Bruno Le Maire a contesté. Face à la brusque dégradation de l'environnement économique début 2024, entraînant un abaissement de 1,4% à 1,1% de la prévision de croissance, Bercy a réagi "rapidement, avec sérieux et une pleine conscience de la gravité de la situation", en annulant 10 milliards d'euros de crédit dès février.
Mais l'ex-ministre a regretté d'avoir échoué à convaincre de la nécessité au printemps d'un projet de loi de finances rectificative pour 15 milliards d'euros. Si le ministre des Finances propose des économies, "l'arbitrage" revient au président Emmanuel Macron, a-t-il souligné, se disant toutefois "solidaire" des décisions prises.
Ensuite, après la dissolution de l'Assemblée nationale en juin et malgré une dérive aggravée selon Bercy par les dépenses des collectivités locales, "nous ne disposions plus ni de la légitimité institutionnelle, ni des leviers administratifs pour prendre des mesures fortes".
- "Autosatisfaction" -
"Je note cette espèce de feu d'artifice d'autosatisfaction collective et solidaire sur votre action qui se paie (...) au prix fort (...) d'une dette colossale et abyssale", a rétorqué le rapporteur général du budget Jean-François Husson (LR), rappelant que Bruno Le Maire était encore ministre début septembre.
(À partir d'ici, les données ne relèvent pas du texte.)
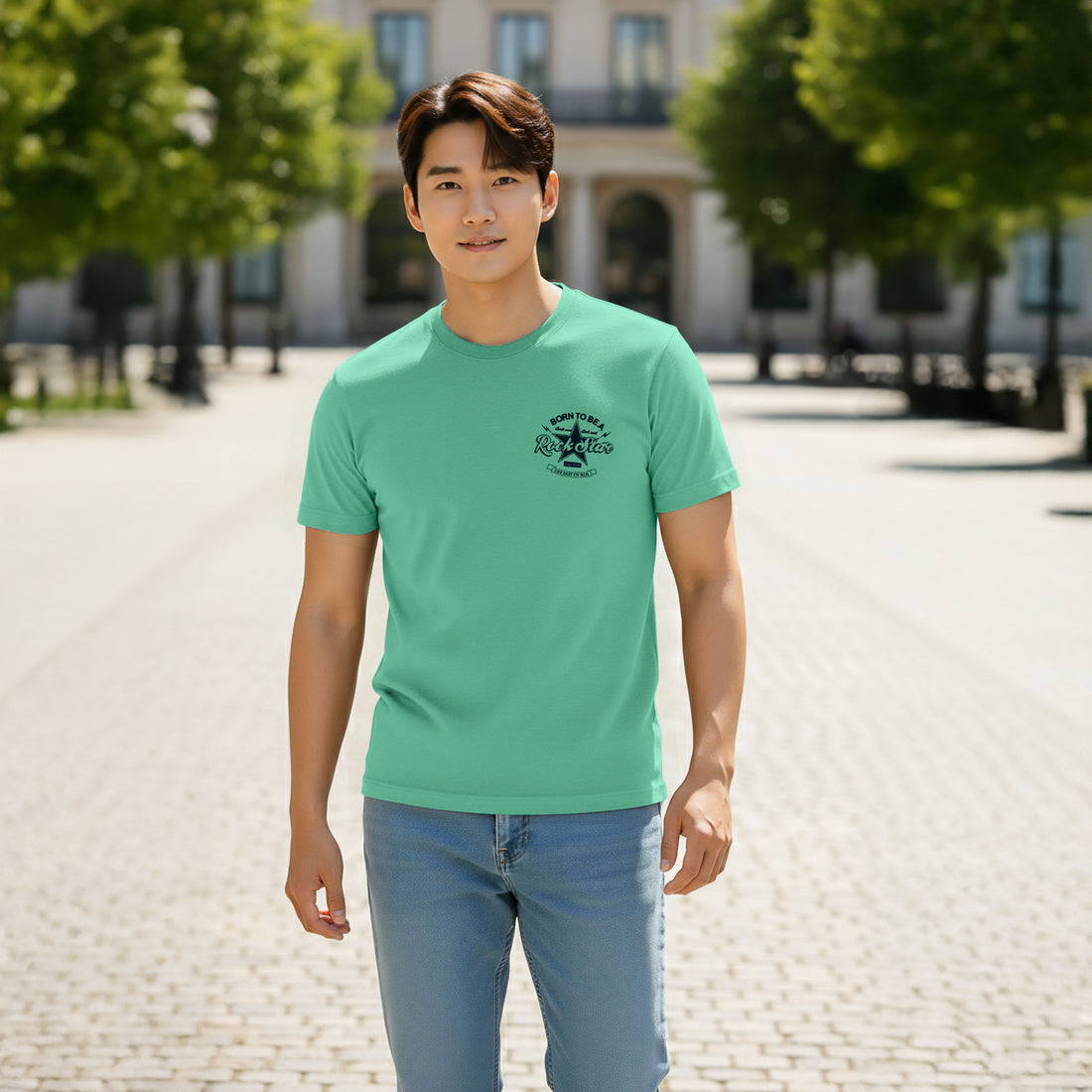 Born to Be a Rock Star Graphic Printed T-shirt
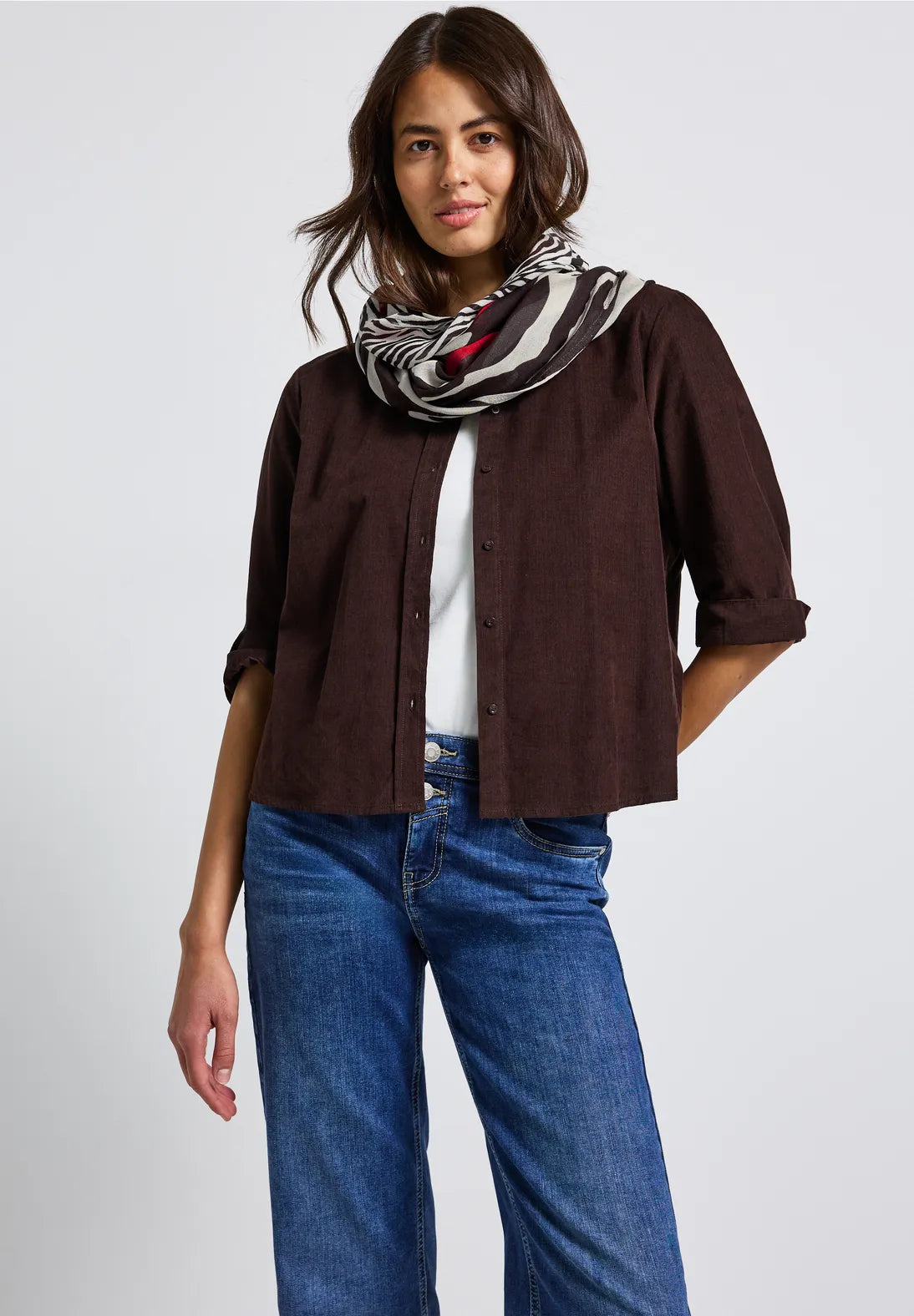 Street One Printed Modal Loop Scarf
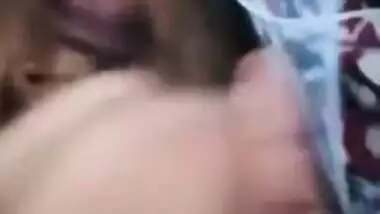 Desi young slut with glasses shows her XXX breasts and twat online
Le dérapage du déficit, après celui déjà observé en 2023 à 5,5% du PIB contre 4,9% prévus, a suscité des questionnements sur la fiabilité des prévisions de la précédente majorité macroniste.
"Nous sommes dans une situation financière qui nécessite non pas la recherche de responsabilités individuelles - comme si la probité de responsables politiques était à mettre en cause - mais (plutôt) dans notre capacité collectivement à nous remettre en cause pour dépenser moins", a commenté l'actuel ministre de l'Economie, Antoine Armand, lors d'une visite au Havre. Il a exprimé sa "confiance très importante dans la qualité" du travail des administrations de Bercy.
Le Sénat entendra Thomas Cazenave dans l'après-midi, puis l'ex-Premier ministre Gabriel Attal vendredi et sa prédécesseure Elisabeth Borne le 15 novembre, avant l'examen du projet de budget 2025 et ses 60 milliards d'économies prévues dans les prochains jours en chambre haute.